How large is the U.S. government’s contract workforce? The answer could help gauge how much federal agencies are outsourcing work to the private sector.
But no one has managed to nail down a definitive number to date. That includes the nonpartisan Congressional Budget Office, which took a crack at it after the top Democrat on the House Budget Committee requested an analysis.
“Regrettably, CBO is unaware of any comprehensive information about the size of the federal government’s contracted workforce,” the CBO said in a letter to Rep. Chris Van Hollen (D-Md.) on Wednesday.
So the question remains unanswered, but that doesn’t mean we don’t know how much money is spent on contracting.
The CBO said government agencies spent more than $500 billion on outside products and services in 2012, based on the federal contracting database.

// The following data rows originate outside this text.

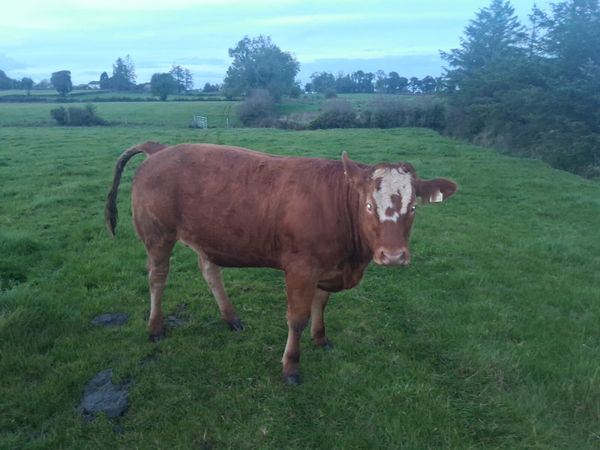 Breeding Heifers - Main image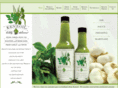 kenzoil.com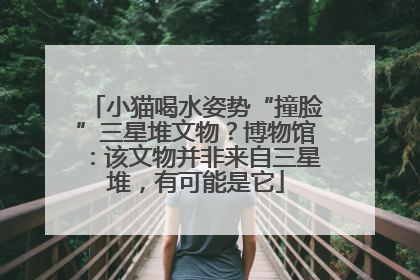 小猫喝水姿势“撞脸”三星堆文物？博物馆：该文物并非来自三星堆，有可能是它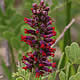 [photo of Fragrant False Indigo]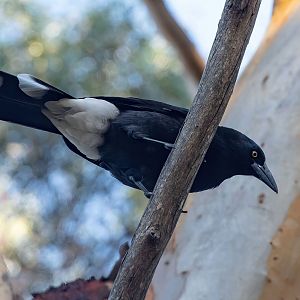 Grey Currawong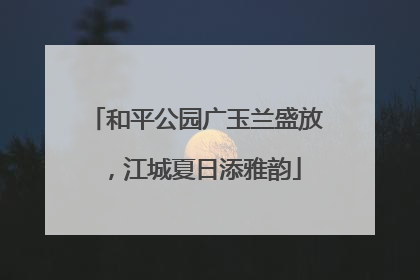 和平公园广玉兰盛放，江城夏日添雅韵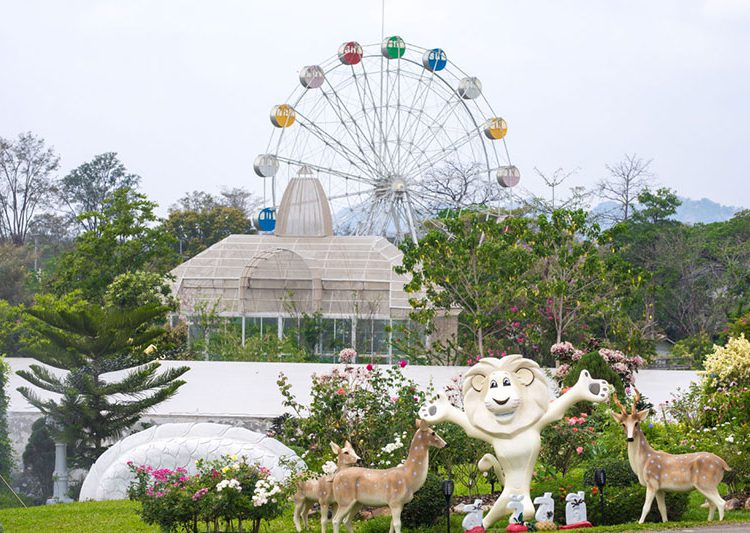 Wonderland Thailand สระบุรี แหล่งเที่ยวสวนสนุก สวนสัตว์ครบจบในแห่งเดียว |  Go Out ไปเที่ยวกันเถอะ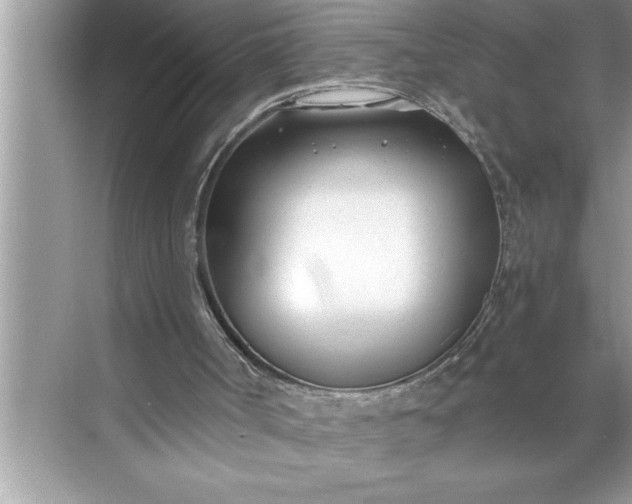 X0000071350002200607071736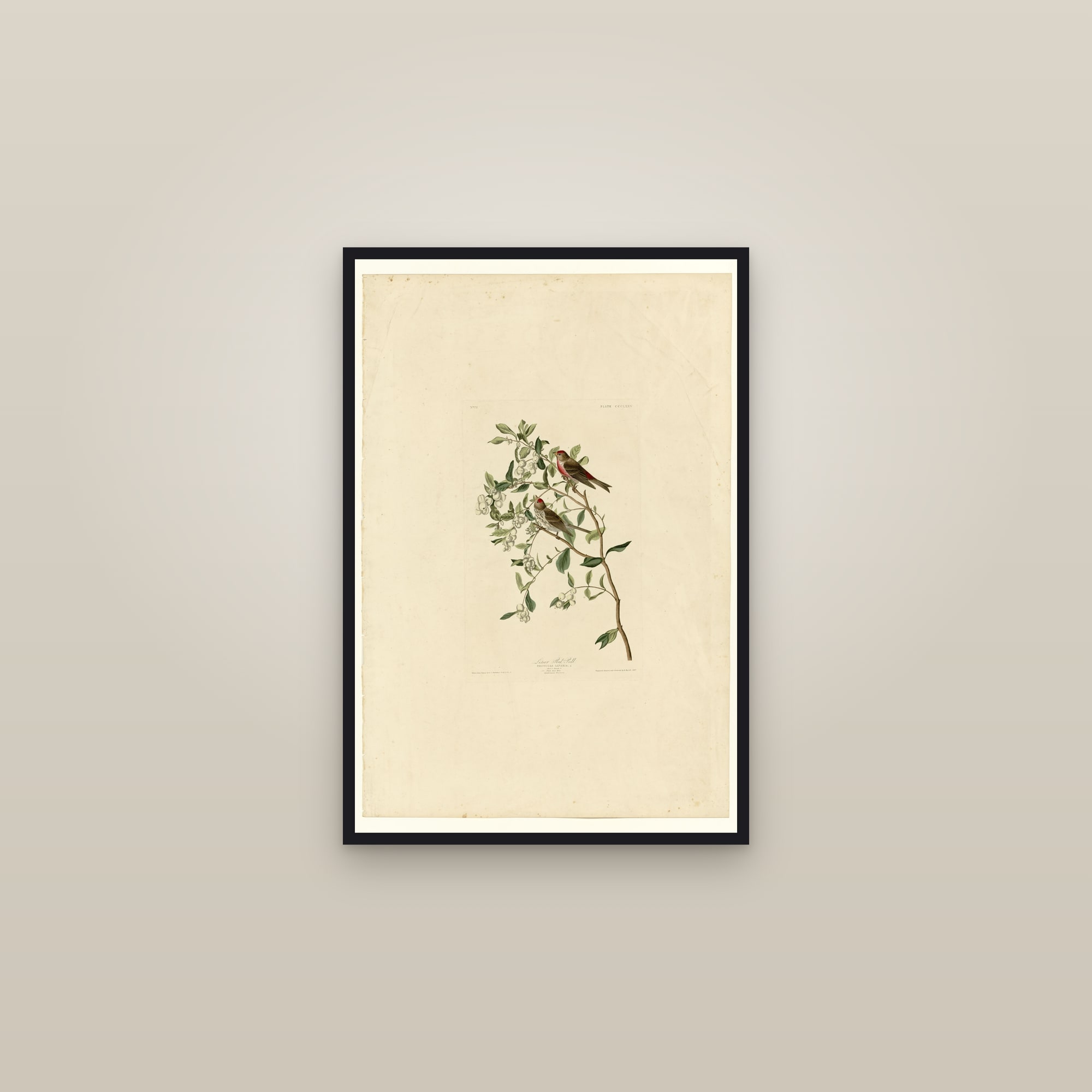 Lesser Red-Poll — framed in a gallery setting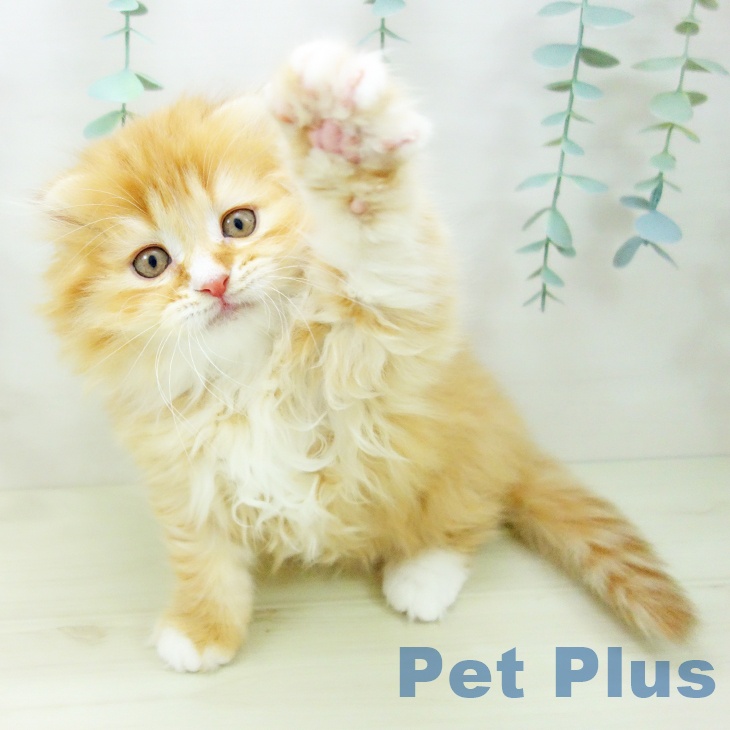 千葉県のスコティッシュフォールド (ペットプラス 幕張新都心店/2025年10月26日生まれ/女の子/レッドタビーホワイト)の子猫の1枚目の画像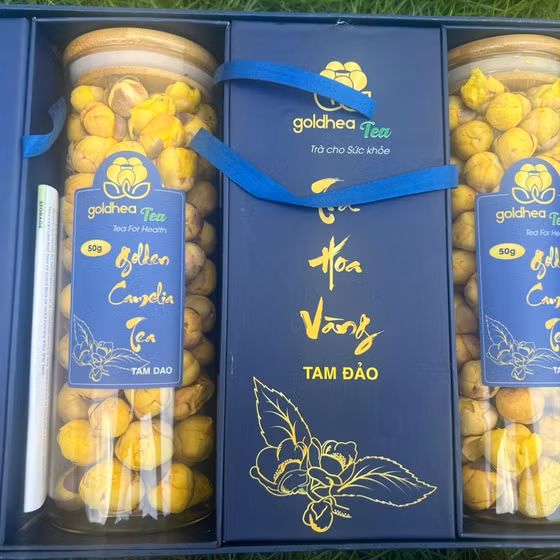 Trà hoa vàng Tam Đảo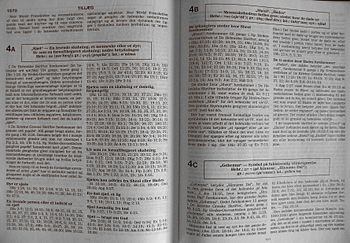 English: Example of appendix from New World Tr...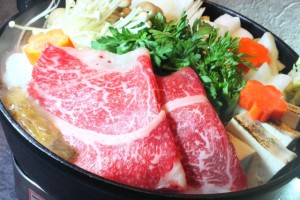 sukiyaki-free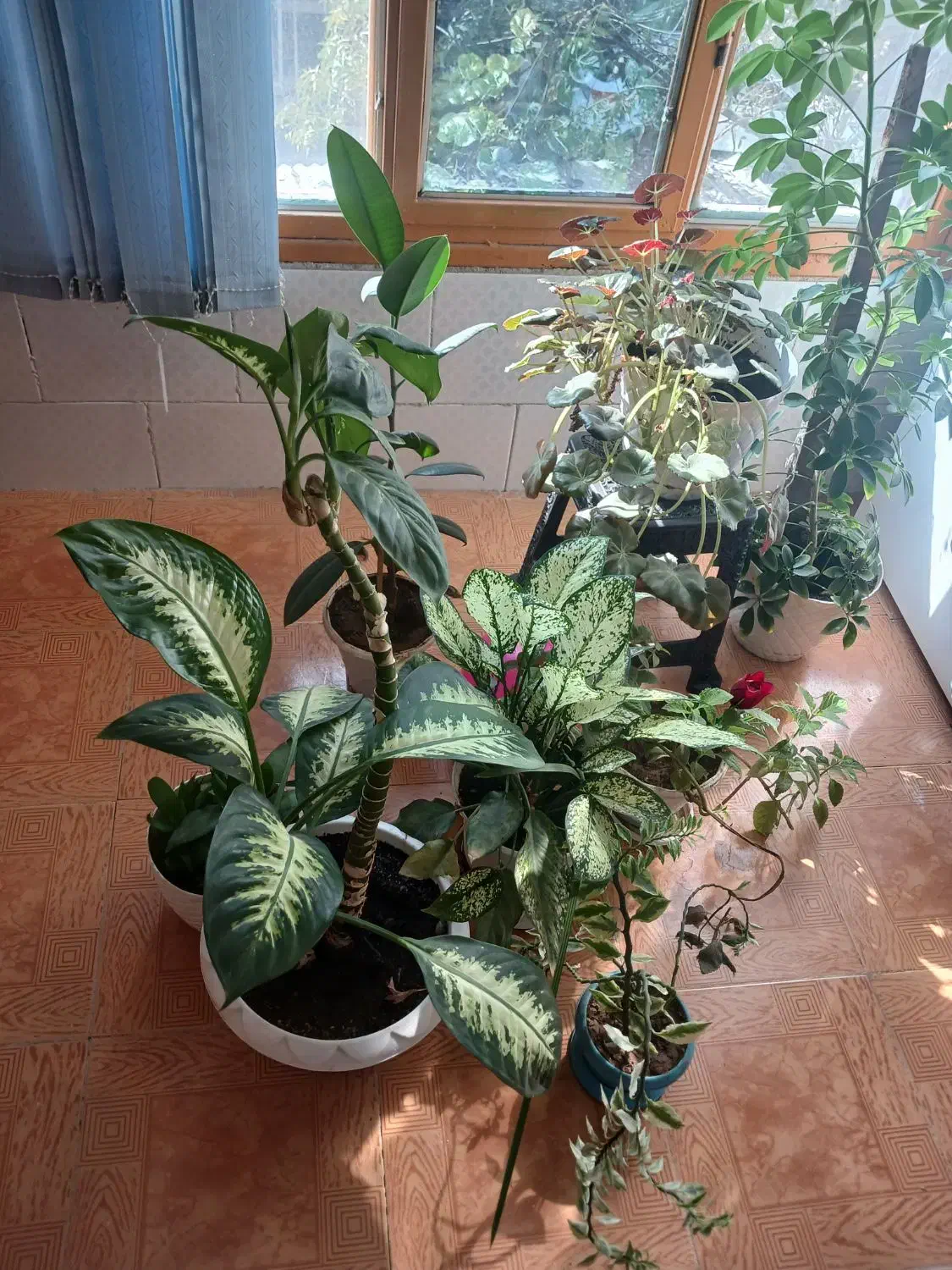 گل به علت اسباب  کشی|گل و گیاه طبیعی|جوانرود, |دیوار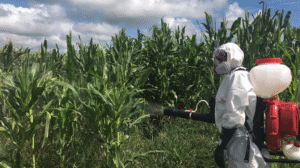 Nuevo revés al uso del glifosato en México promovido por el CNA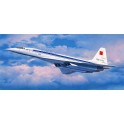 Maquette Supersonic Passenger Aircraft Tupolev Tu-144D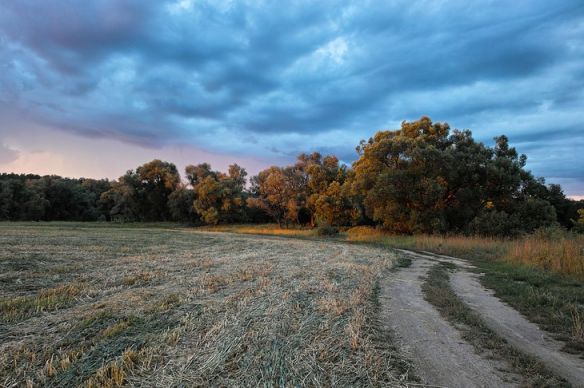 фотография дождливое лето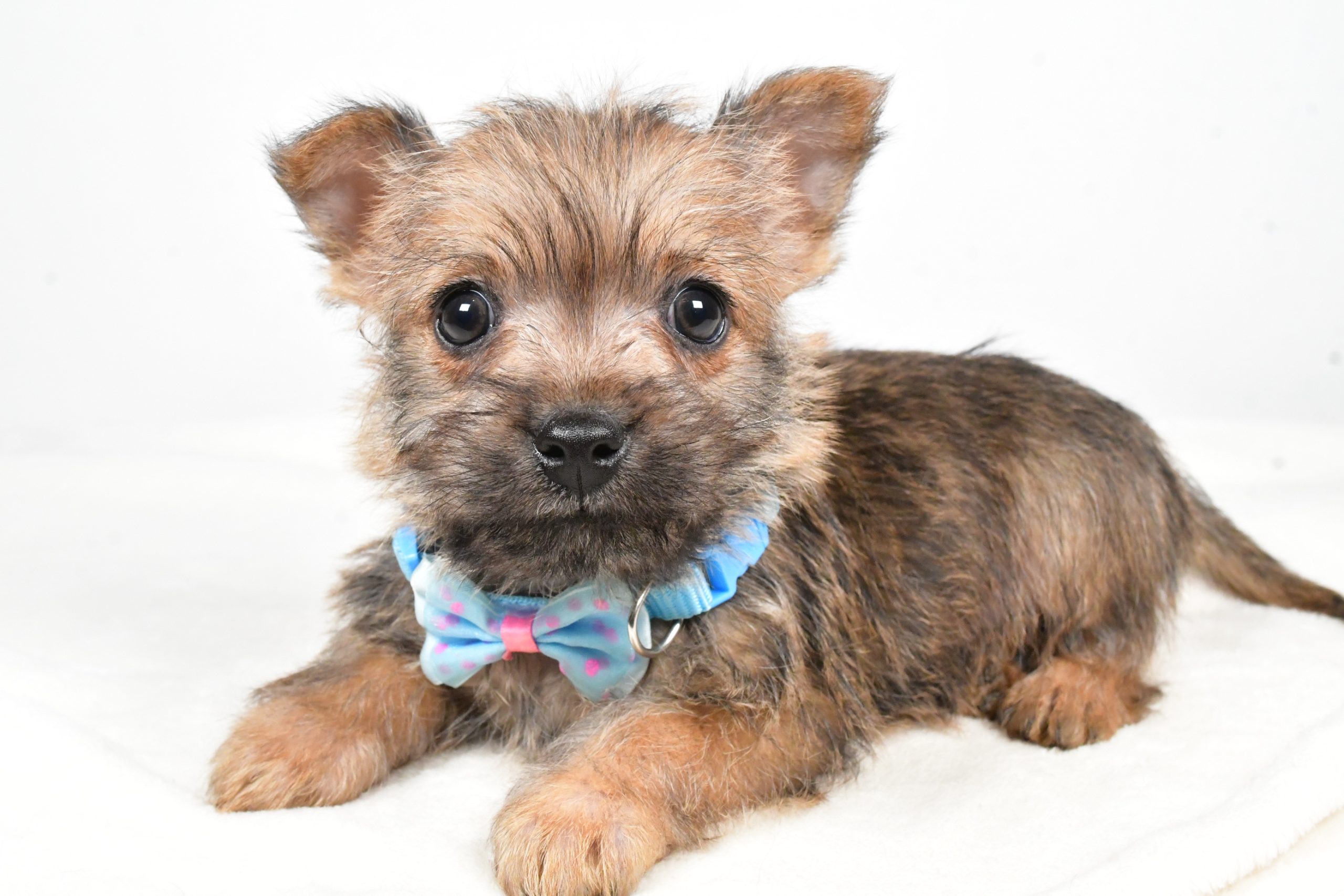 Mr Theodore The Cairn Terrier - Image 6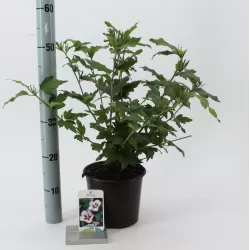 Sirinis hibiskas (kinrožė) - Hibiscus syriacus HAMABO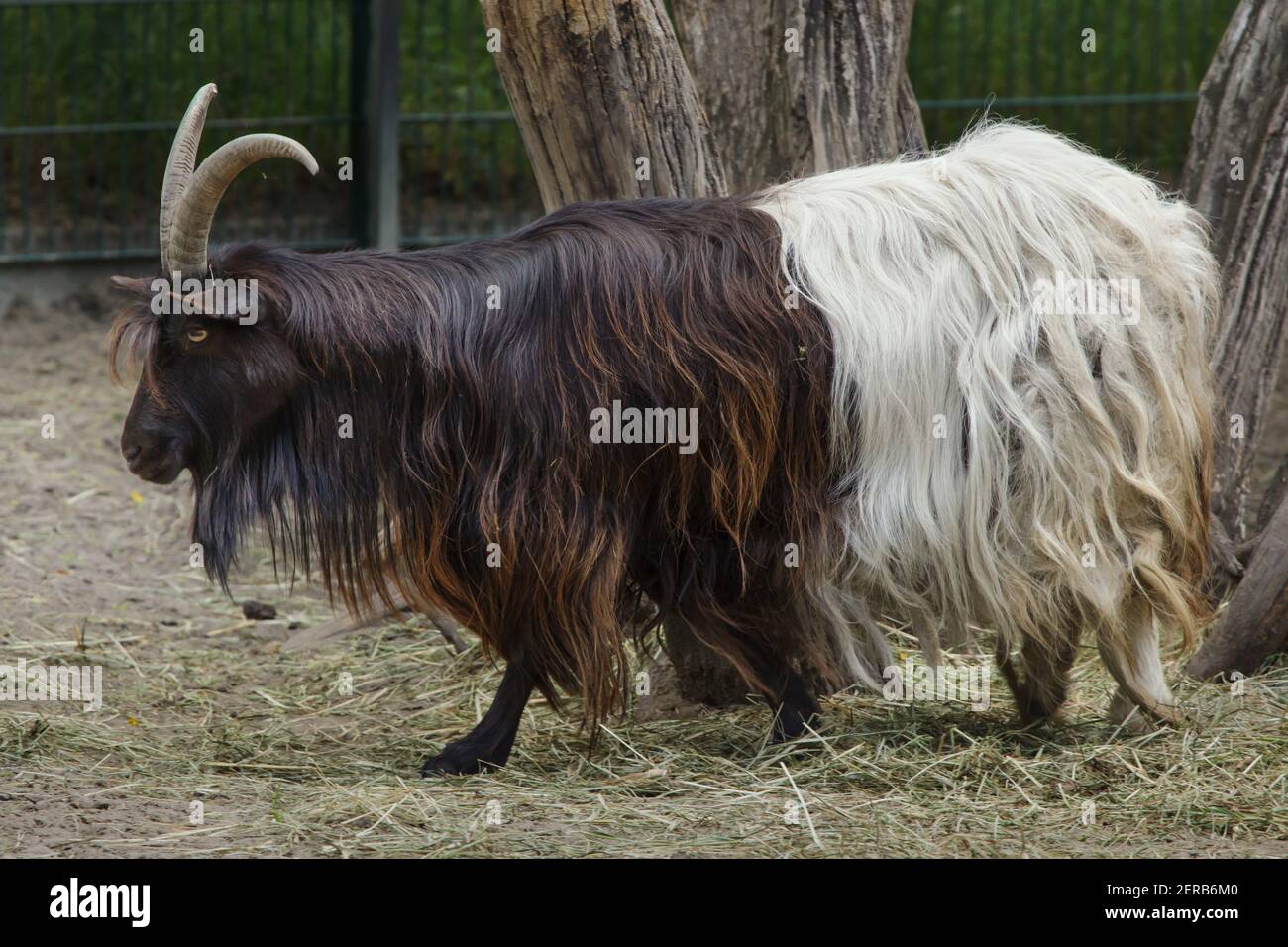 Valois goat (Capra aegagrus hircus). Stock Photo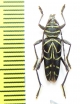 Megacyllene sp.  Peru - INSECTS-STORE.RU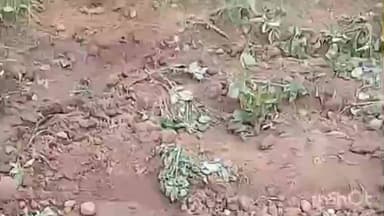 रनियां: जराकेल गांव में जंगली हाथी ने आलू और अन्य सब्जियों को किया नुकसान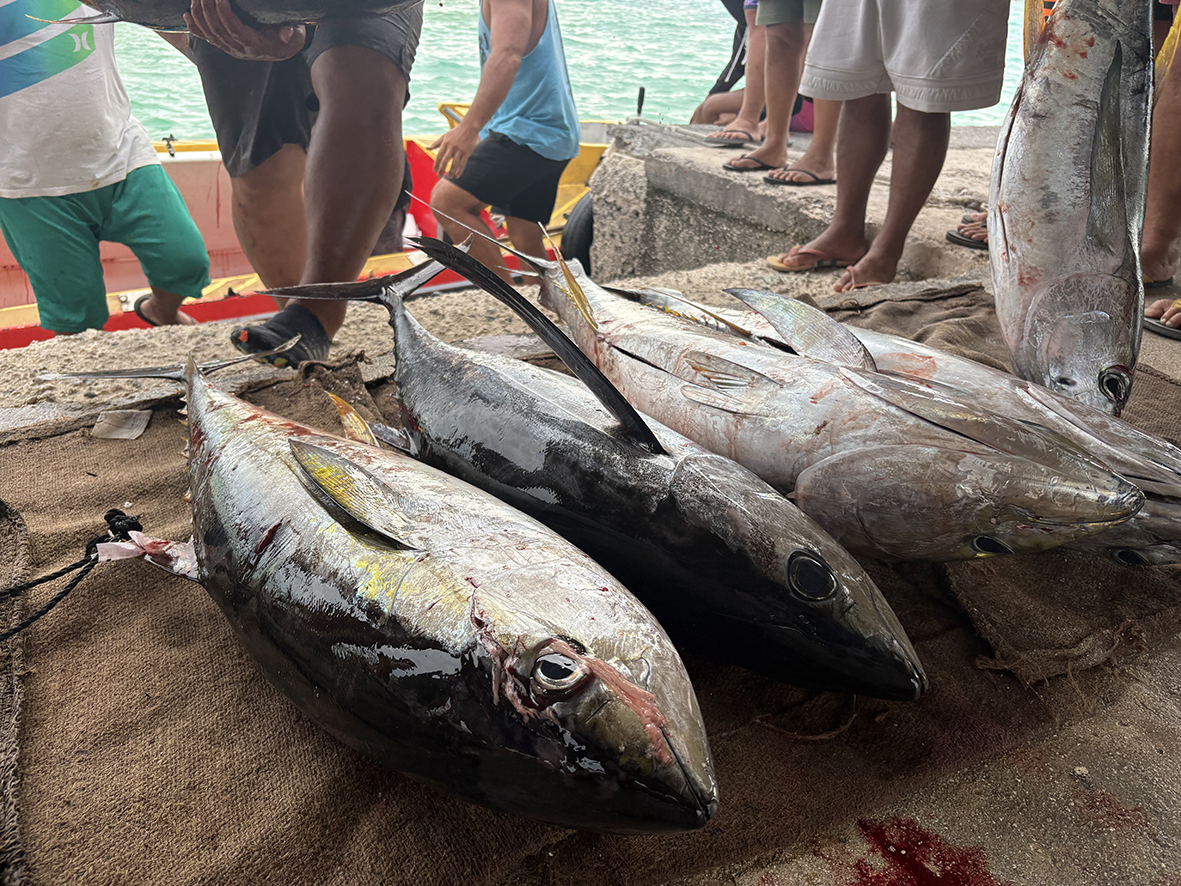 Une pêche au pōito réussie à Hao
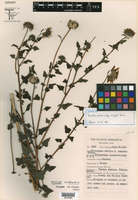 Helianthus praecox subsp. runyonii image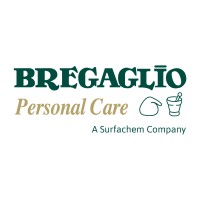 Bregaglio S.r.l. Logo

The number represents a rapid increase over the past dozen years, with the costs growing more rapidly than inflation.
Federal spending on contracts grew by 87 percent between 2000 to 2012, an average of about 5 percent per year. By comparison, inflation averaged less than 3 percent each year during that span.
Contracting also grew as a percentage of total federal spending during that time. It accounted for 11 percent in 2000 and 15 percent in 2012, the CBO said.
In terms of raw dollars, most of the expansion occurred with professional, administrative and management services, while medical services saw the greatest increase percentage-wise.
The government may not have a handle on the size of its contract workforce, but the CBO analysis gives federal-employee advocates a sense of how much recent administration’s have relied on the private sector instead of their own personnel.